Barger’s last year as head football coach at North was 1965. He was ready for a new challenge, and Jack Ward offered a job at Davie County. Barger helped with football two years there before focusing on track.
From 1968-83, he coached Davie to five NPC track championships and won WNCHSAA crowns in 1969, 1974, 1975 and 1977. He threw in a pair of cross country championships.
Davie had no facilities when he arrived. At an awards banquet early in his time there, Barger voiced his complaints at length. The following year, he was instructed to limit his remarks to six words.
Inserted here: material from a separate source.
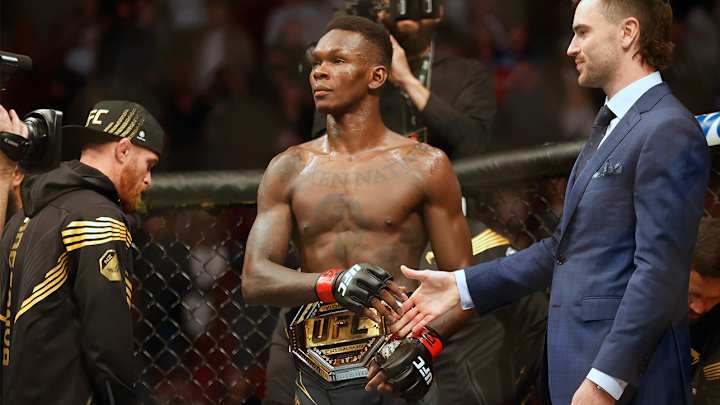 UFC 276 Betting Preview: Israel Adesanya vs. Jared Cannonier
“Asphalt track, asphalt track, asphalt track,” Barger growled, before he sat down.
Construction on a new track started almost immediately.
He tutored great track athletes at Davie ó Jingles Ijames, Hubert West, Billy Etchinson, Andy Atwell.
West limped after losing the 100 in a meet with Greensboro Page but got little sympathy from Barger.
“Hubert, you know how you unhurt that leg,” Barger barked. “By whipping that guy’s butt in the 220.”
West.
Even Dwayne Grant, Davie basketball’s all-time scoring leader ran track for Barger.
“Dwayne wanted to play baseball,” Barger said. “But I explained to him they weren’t gonna let him steal first base.”
One of Grissom’s favorite tales dealt with Barger taking out the trash after his wife, Sadye, had prepared a big meal for visitors.
There had been a snowfall, and a loud thud followed by several crashes could be heard inside as Barger descended the steps. He was discovered lying in the snow covered with corn cobs and other spillage.
“Burt, did you fall?” Sadye asked anxiously.
“H—, no,” he answered. “I just decided to lie down and cover myself with garbage.”
Barger had been married to Sadye Hauser 59 years when she died last summer.
Their son, Allen, was a great player at Davie, a Shrine Bowler, and like his father, a captain of the Lenoir-Rhyne Bears.
Barger’s life has been storybook, and he’s still a little intimidating ó even at 89.
“Coach intimidated a lot of people, but if you played for him you got to see the other side,” Shoaf said. “He’s got a legacy.”